Daniel Dezeuze – Œuvres récentes 2000-25
Du 29 novembre 2025 au 8 mars 2026
« Je communie avec le début du Monde car je porte une poussière de ce début en moi. Poussière lumineuse parmi les poussières qui me constituent. » Daniel Dezeuze, « Journal au bord de l’eau », p 154
Le musée Paul Valéry est largement associé à la question de la figuration notamment à travers le mouvement de la Figuration libre qui a marqué durablement la communauté artistique sétoise En présentant les dernières créations de Daniel Dezeuze, le musée prend la question à rebrousse-poil et constate que la peinture peut échapper au format attendu du tableau, qu’elle n’est pas toujours une image, qu’elle peut se détourner de la question de la représentation pour s’approcher d’une forme de construction
Après l’exposition À portée de main en 2008, le musée Paul Valéry de Sète – où vit et travaille Daniel Dezeuze – présente ses œuvres du XXIe siècle L’artiste n’a cessé, depuis sa participation au mouvement Supports/Surfaces dans les années 1970, d’interroger les éléments constitutifs de la peinture et de la création artistique À partir des matériaux les plus simples et les plus divers, des matériaux détournés aux assemblages de rebuts, l’artiste renouvelle les objets d’une curiosité toujours intacte et forge des œuvres troublantes, une poésie contemporaine de la fragilité
Les œuvres des vingt-cinq dernières années de sa carrière prolongent les pistes ouvertes dans les décennies précédentes et chaque série inaugure une nouvelle possibilité de faire de la peinture sans en fixer aucune de façon définitive. Quelques fils rouges semblent tisser une trame à cet œuvre multiforme et pourtant cohérent L’esprit d’expérimentation plastique allié à une solide analyse théorique amène l’artiste à déconstruire et reconstruire en permanence les attendus de la peinture dans une approche sérielle et processuelle, même après la fin des avant-gardes.

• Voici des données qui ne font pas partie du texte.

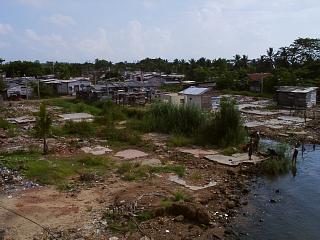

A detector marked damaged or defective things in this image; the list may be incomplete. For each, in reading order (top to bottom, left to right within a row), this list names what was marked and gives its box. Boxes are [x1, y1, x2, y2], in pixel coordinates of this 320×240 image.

broken concrete [168, 174, 218, 191]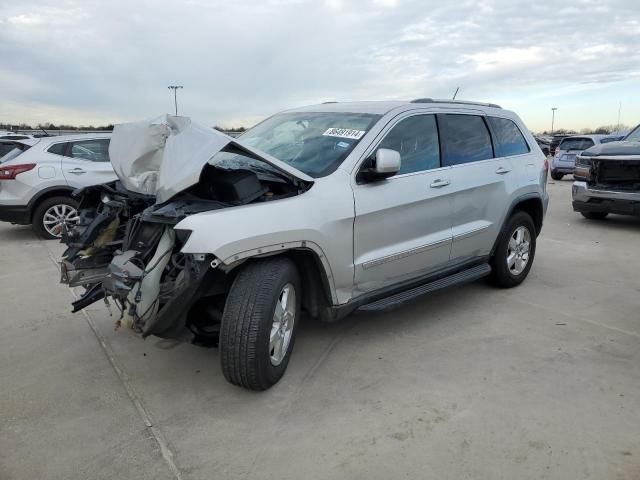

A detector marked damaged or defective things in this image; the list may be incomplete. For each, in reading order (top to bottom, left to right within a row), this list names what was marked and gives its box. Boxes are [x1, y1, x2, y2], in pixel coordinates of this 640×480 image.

crumpled hood [110, 115, 316, 203]
crumpled hood [580, 141, 640, 158]
front-end collision damage [60, 114, 312, 344]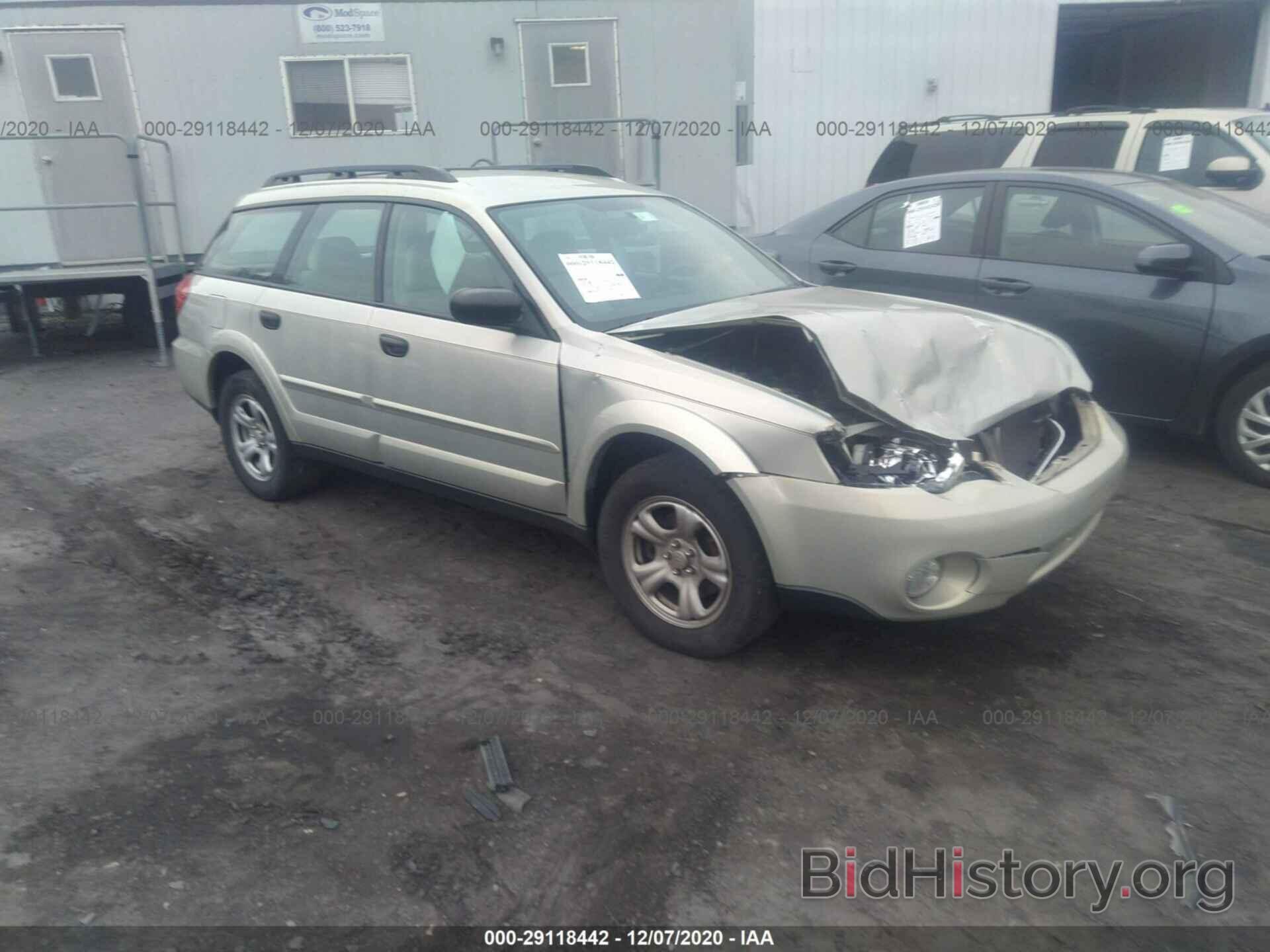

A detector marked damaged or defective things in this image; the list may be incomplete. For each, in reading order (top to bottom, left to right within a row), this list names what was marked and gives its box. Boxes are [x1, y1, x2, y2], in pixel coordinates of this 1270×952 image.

damaged silver wagon [171, 165, 1132, 656]
crumpled hood [614, 287, 1090, 442]
broken headlight [820, 428, 968, 495]
front bumper damage [730, 405, 1127, 621]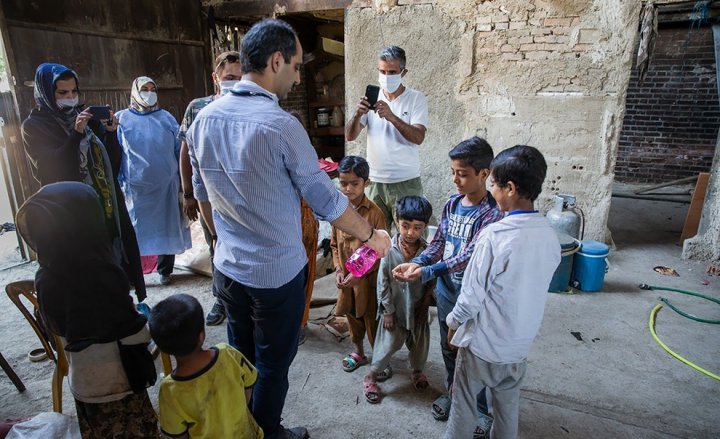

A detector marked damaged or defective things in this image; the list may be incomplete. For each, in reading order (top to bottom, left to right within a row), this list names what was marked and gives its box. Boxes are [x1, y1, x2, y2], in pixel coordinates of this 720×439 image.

cracked plaster wall [344, 0, 640, 241]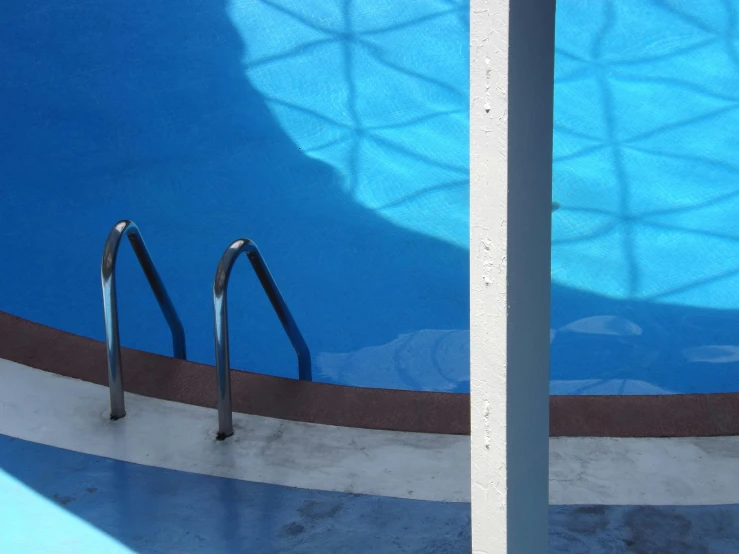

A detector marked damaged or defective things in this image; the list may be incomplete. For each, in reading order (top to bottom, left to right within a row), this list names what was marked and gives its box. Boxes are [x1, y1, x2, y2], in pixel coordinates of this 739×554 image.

peeling paint on post [468, 0, 556, 548]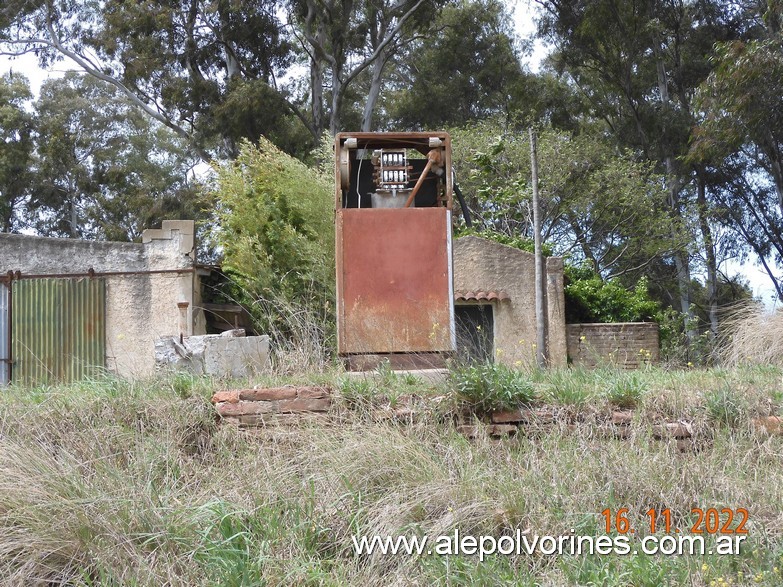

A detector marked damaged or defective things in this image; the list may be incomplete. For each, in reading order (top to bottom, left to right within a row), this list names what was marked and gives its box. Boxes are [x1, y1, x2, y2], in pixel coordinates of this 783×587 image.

rusted metal door [11, 280, 105, 386]
rusty metal structure [334, 134, 456, 372]
rusted metal door [336, 207, 456, 354]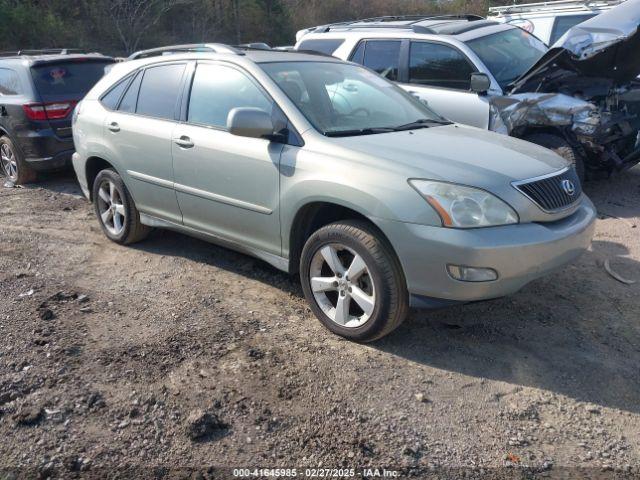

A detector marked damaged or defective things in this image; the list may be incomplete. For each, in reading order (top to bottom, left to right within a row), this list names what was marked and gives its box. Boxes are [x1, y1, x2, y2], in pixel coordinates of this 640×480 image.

damaged vehicle [298, 0, 640, 180]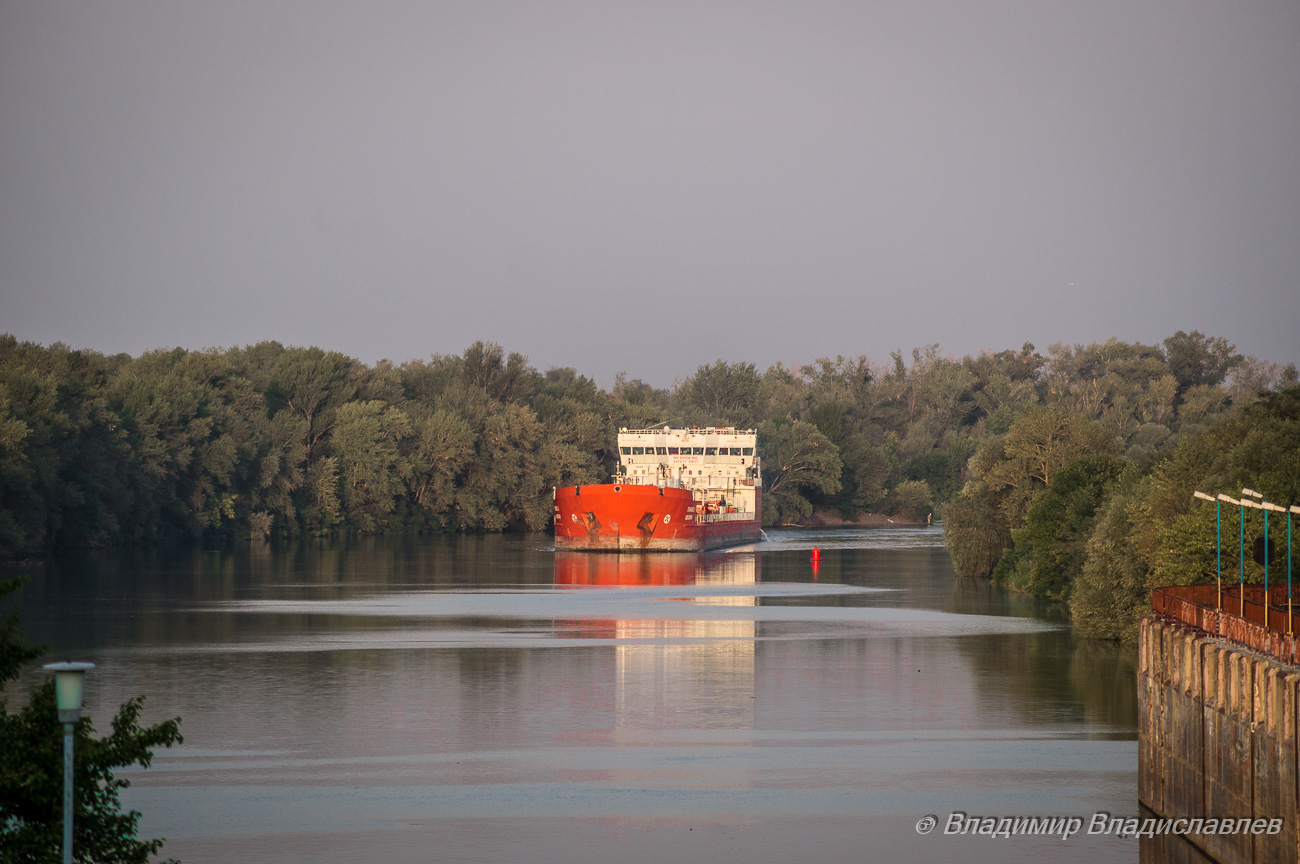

Un humour émerge aussi avec délicatesse, dans certaines formes plastiques autant que dans les titres Ces derniers posent plus souvent une énigme qu’ils n’explicitent l’œuvre, cherchent peut-être à rendre le regardeur complice de l’artiste et surtout mettent en échec toute interprétation dogmatique Portée par une sensibilité d’ordre anthropologique, nourrie de la rencontre avec d’autres cultures et d’autres temporalités, s’affirme une exigence de décentrement : il s’agit de faire un pas de côté, d’adopter une position marginale, fragile, d’où peut surgir une poésie singulière, parfois même une méditation sur la vie, le vide et l’impermanence
Chaque œuvre se tient dans la tension entre ces pôles, sans jamais se laisser réduire à l’un ou à l’autre Cette indétermination, loin d’être un défaut, constitue au contraire le cœur d’une pratique revendiquant la liberté comme principe fondateur.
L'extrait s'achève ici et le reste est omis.